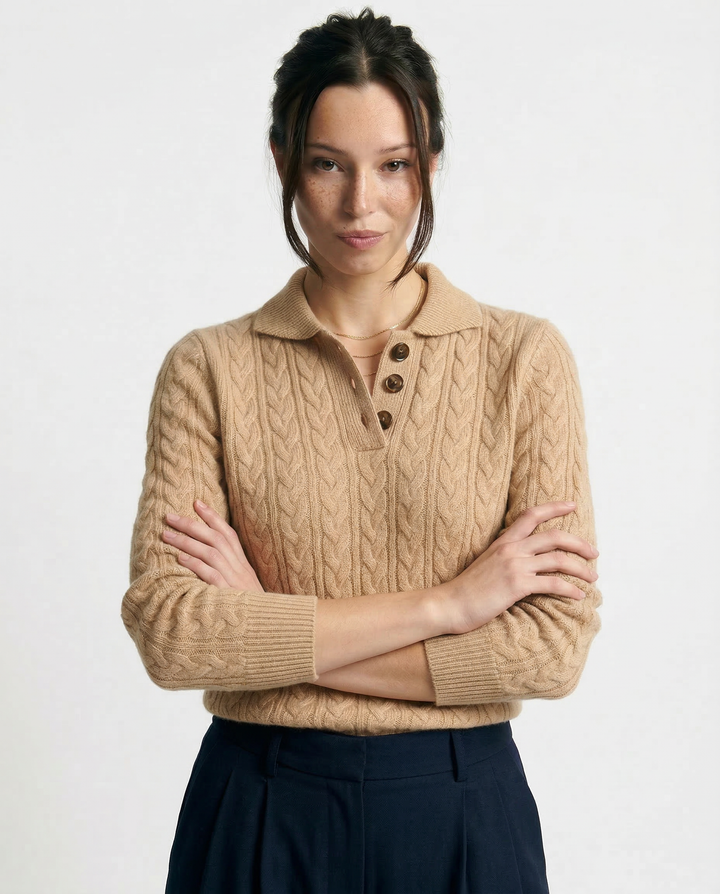 Arden Button-Up Cashmere Sweater
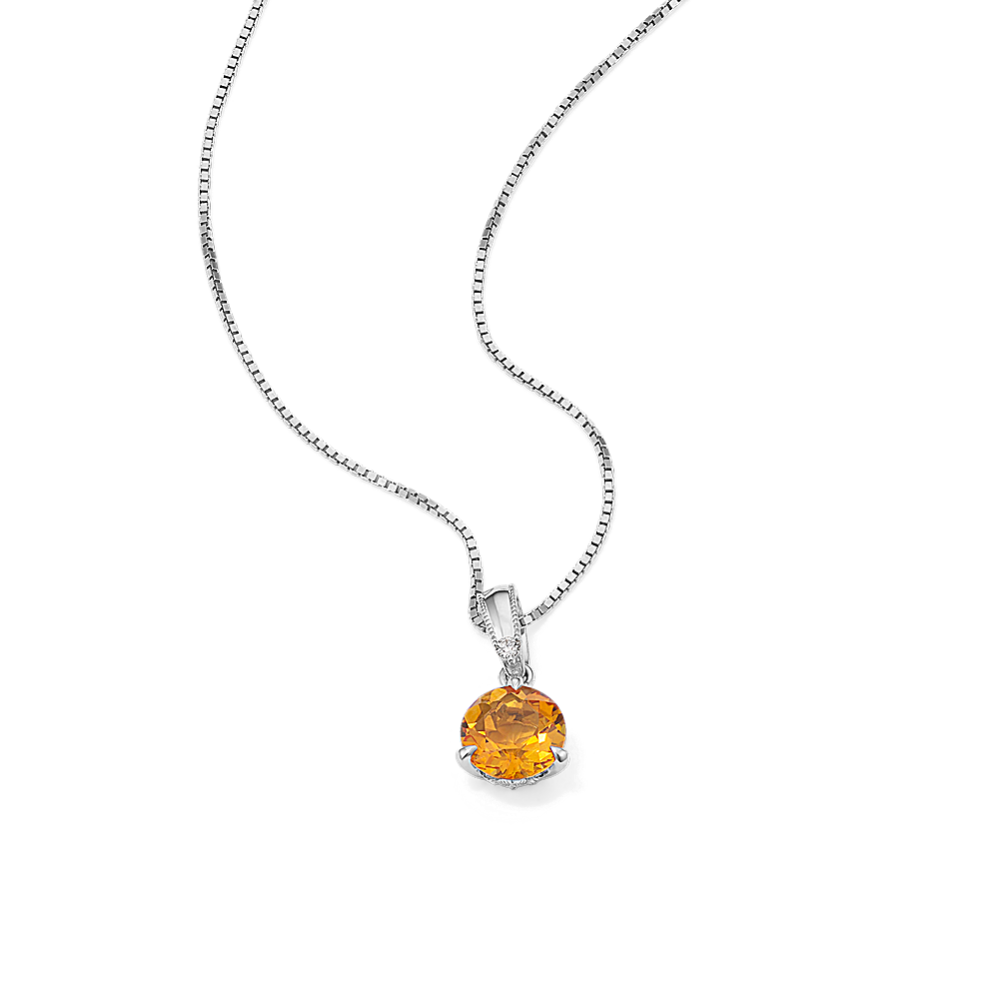 Bondi Citrine & Diamond Pendant
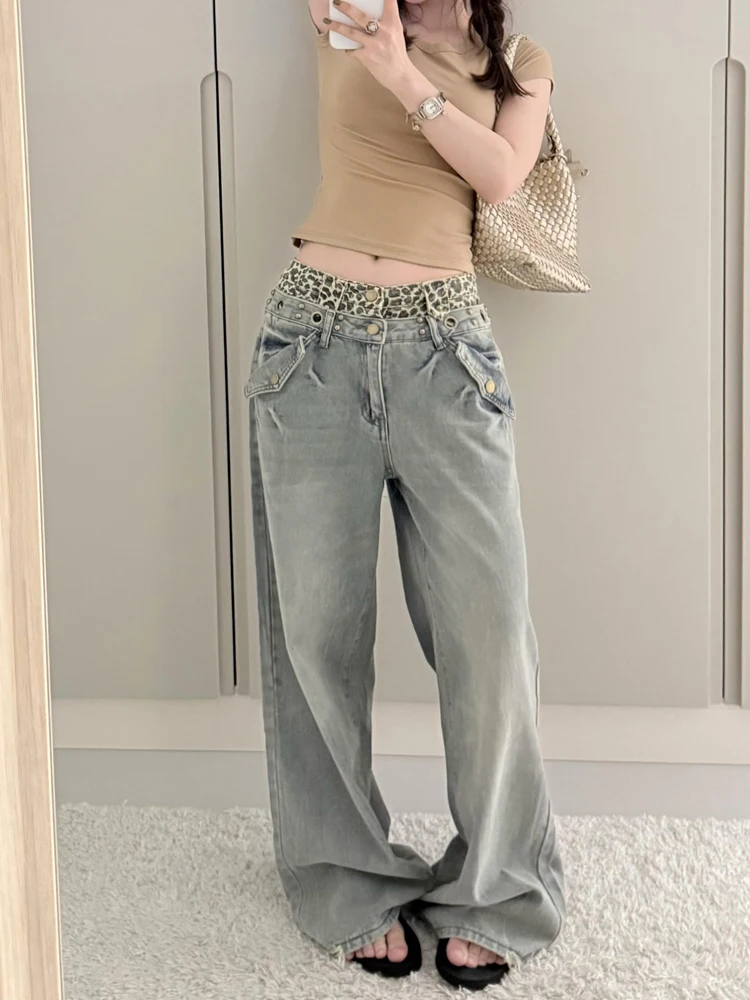 Sweet Cool Spicy American Style Leopard Print Patchwork Denim Jeans Women Summer Washed Loose Straight Wide Leg Pants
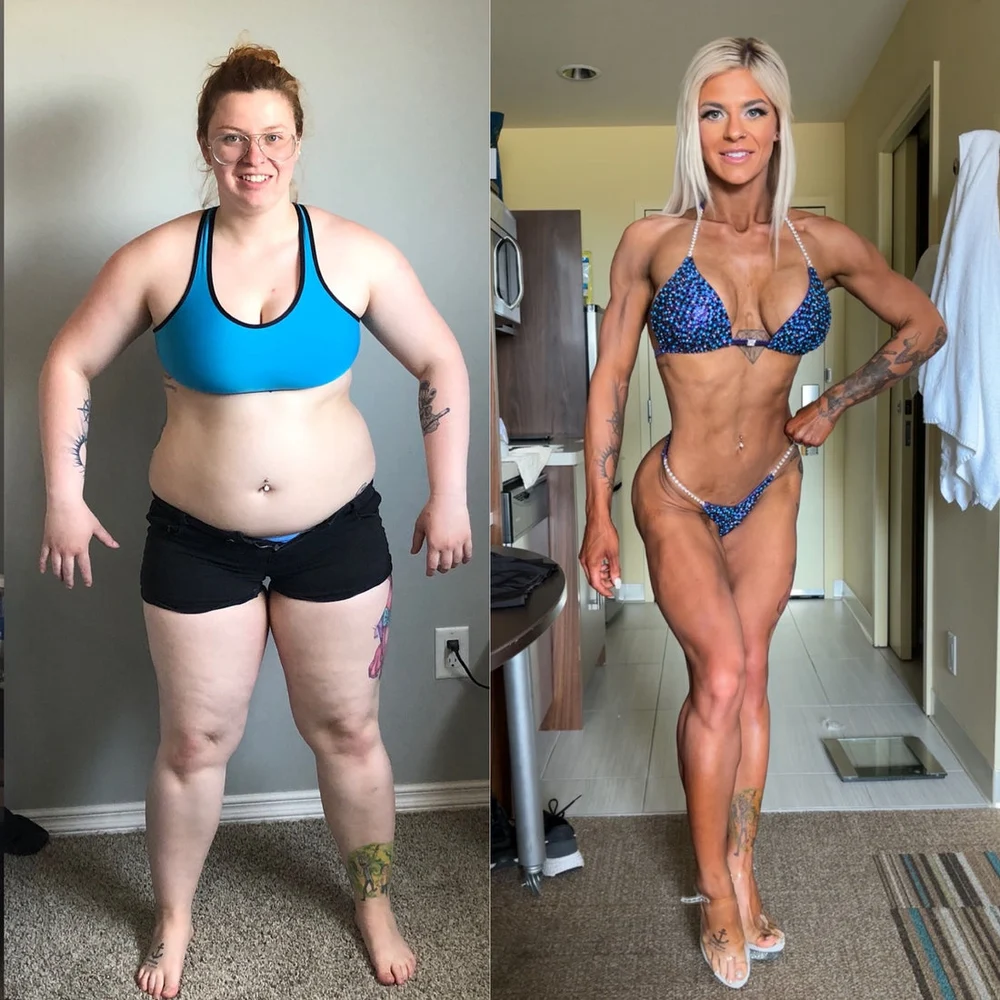 Published female physique transformation showing earlier and later progress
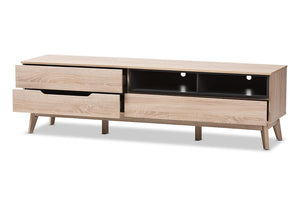 Baxton Studio Fella Mid-Century Modern Two-Tone Oak and Grey Wood TV Stand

^^^^

• **EXERCISE DESCRIPTION**
Everything in the entries above except the pictures should be given again exactly.

• **RESPONSE BELOW**
 Arden Button-Up Cashmere Sweater
 Bondi Citrine & Diamond Pendant
 Sweet Cool Spicy American Style Leopard Print Patchwork Denim Jeans Women Summer Washed Loose Straight Wide Leg Pants
 Published female physique transformation showing earlier and later progress
 Baxton Studio Fella Mid-Century Modern Two-Tone Oak and Grey Wood TV Stand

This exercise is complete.